(The problem): Word for word, please copy the line containing "main property photo 34" and all lines after it in the entries below, and only those, leaving every picture out.

(Data for processing):

=== Section Start ===

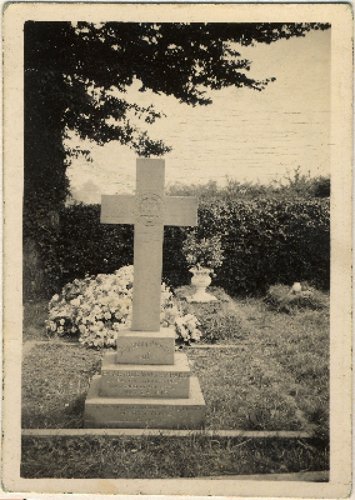 The grave of Private Arthur Walter Page in the old parish cemetery, Spratton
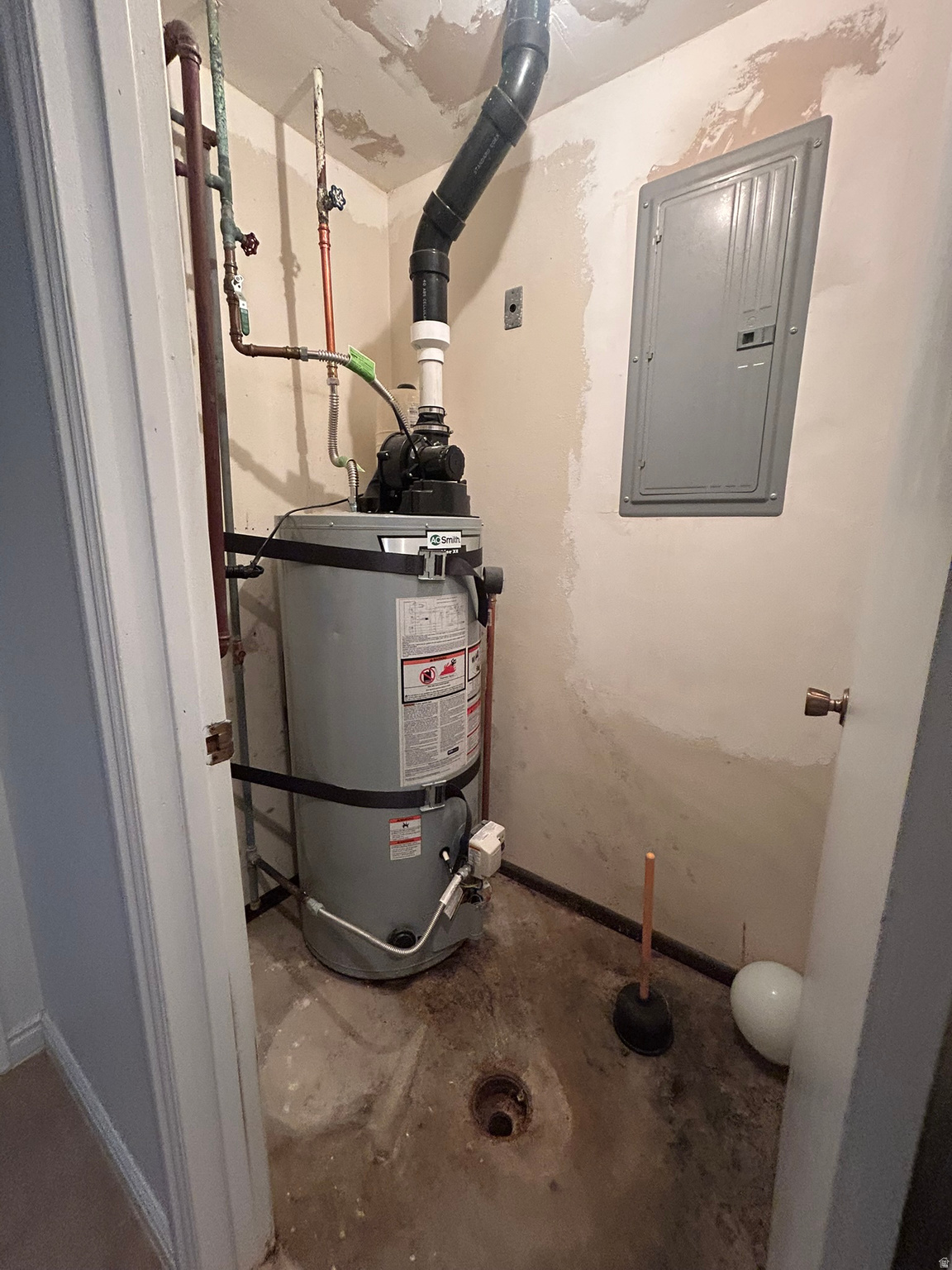 main property photo 34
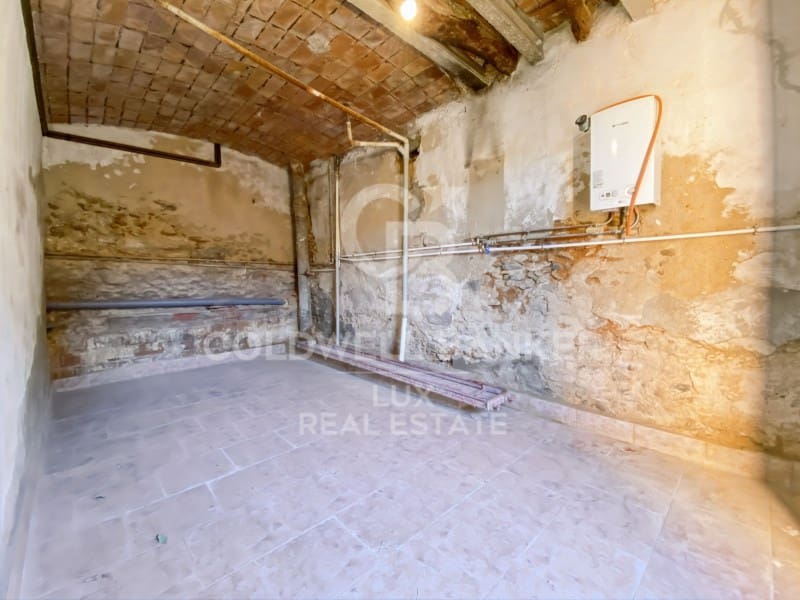 4 soveværelse Finca/Landehus til salg i Palau-saverdera med garage - € 249.000 (Ref: 8698336)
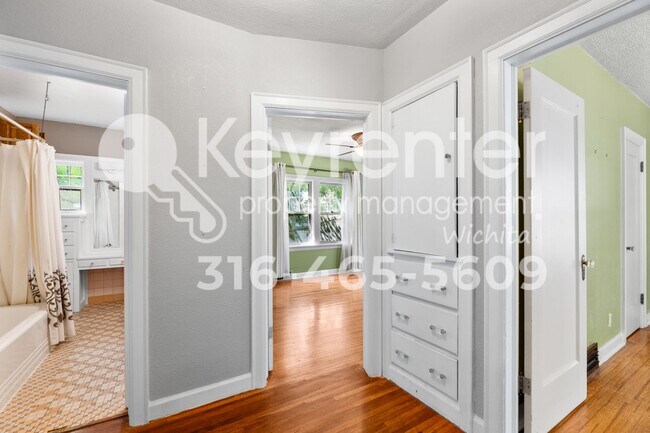 Building Photo - 1728 E McKnight Dr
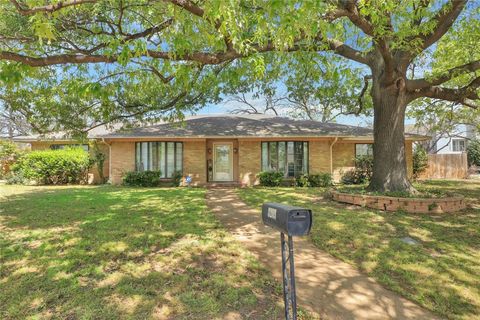 3205 Glasgow Terrace Arlington TX 76015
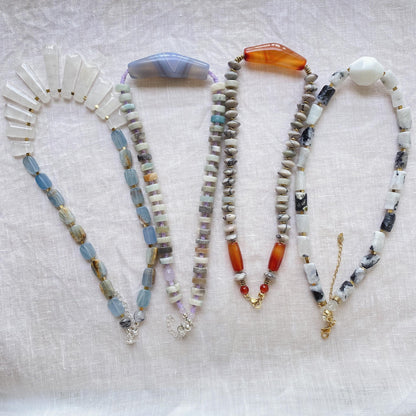 Handgemachte Halskette mit weißem Achat und Mondsteinperlen, Statement Choker in Schwarz Weiß, minimalistischer Boho Schmuck für Frauen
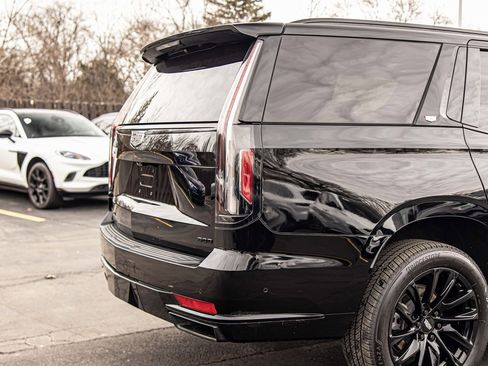 Used 2023 Cadillac Escalade Sport Platinum w/ LPO, ONYX Package image 14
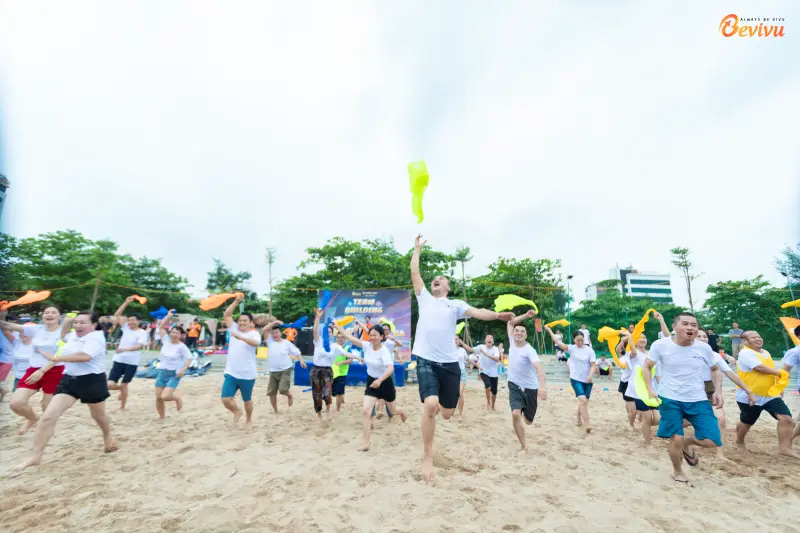 Du lịch công ty hè cùng các hoạt động trên cát Tham gia tour nghỉ dưỡng cho công ty
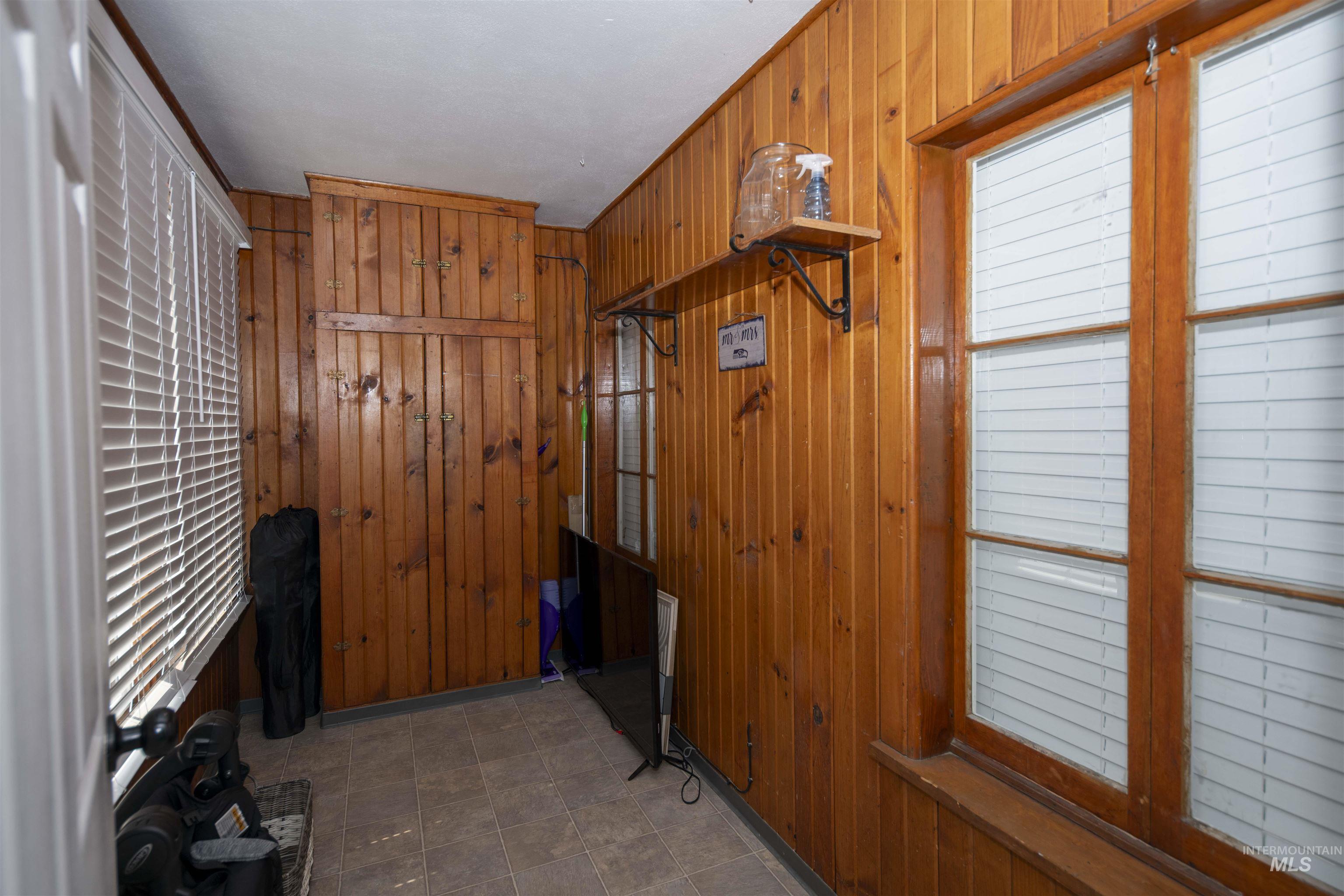 527 Brown Avenue, Orofino, Idaho 83544, 7 Bedrooms, 4 Bathrooms, Residential For Sale, Price $498,000,MLS 98956911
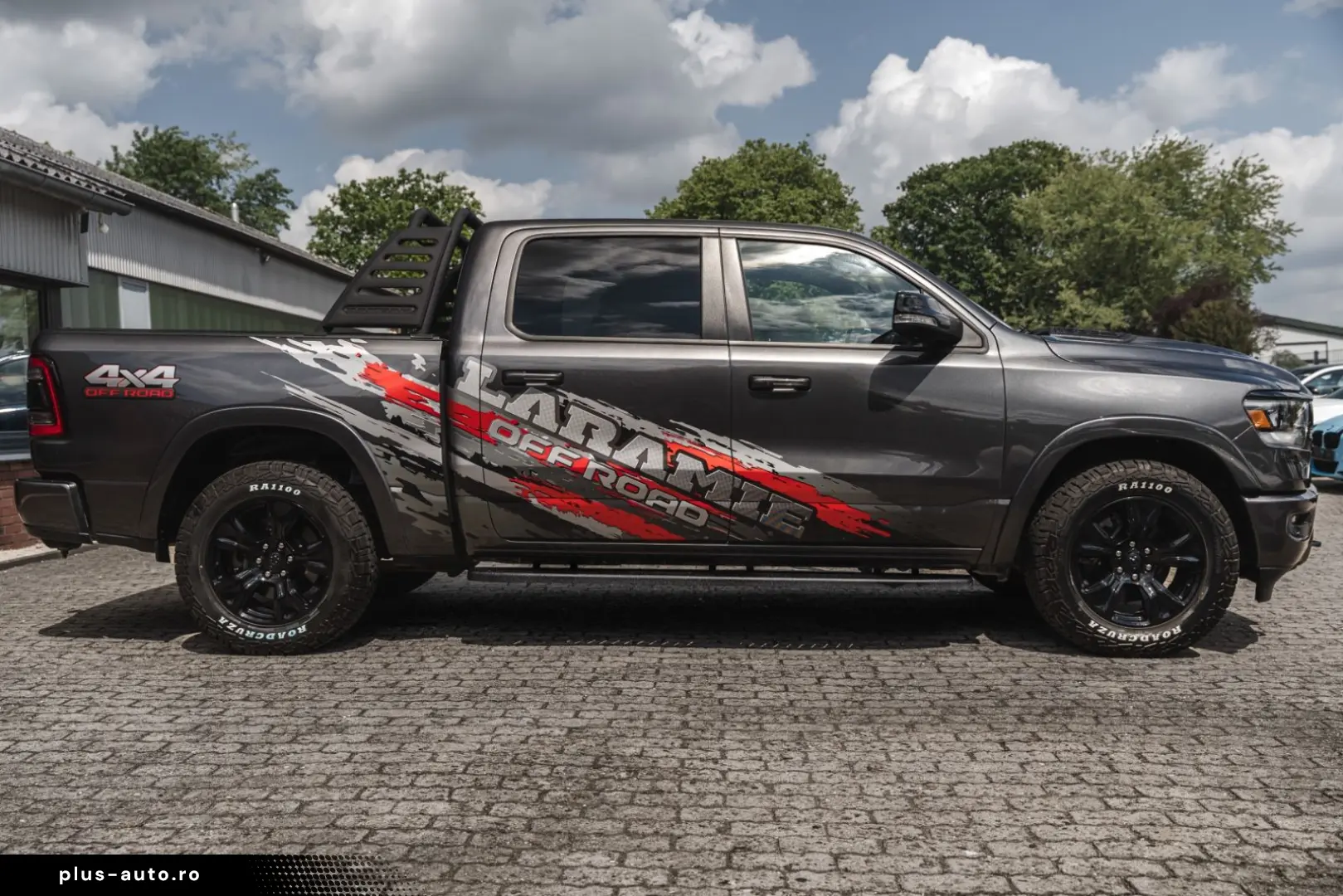 DODGE RAM5.7Laramie E-Torque LPG Navi 360 Dig-T Pano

=== Section End ===

(Result of this exercise):
 main property photo 34
 4 soveværelse Finca/Landehus til salg i Palau-saverdera med garage - € 249.000 (Ref: 8698336)
 Building Photo - 1728 E McKnight Dr
 3205 Glasgow Terrace Arlington TX 76015
 Handgemachte Halskette mit weißem Achat und Mondsteinperlen, Statement Choker in Schwarz Weiß, minimalistischer Boho Schmuck für Frauen
 Used 2023 Cadillac Escalade Sport Platinum w/ LPO, ONYX Package image 14
 Du lịch công ty hè cùng các hoạt động trên cát Tham gia tour nghỉ dưỡng cho công ty
 527 Brown Avenue, Orofino, Idaho 83544, 7 Bedrooms, 4 Bathrooms, Residential For Sale, Price $498,000,MLS 98956911
 DODGE RAM5.7Laramie E-Torque LPG Navi 360 Dig-T Pano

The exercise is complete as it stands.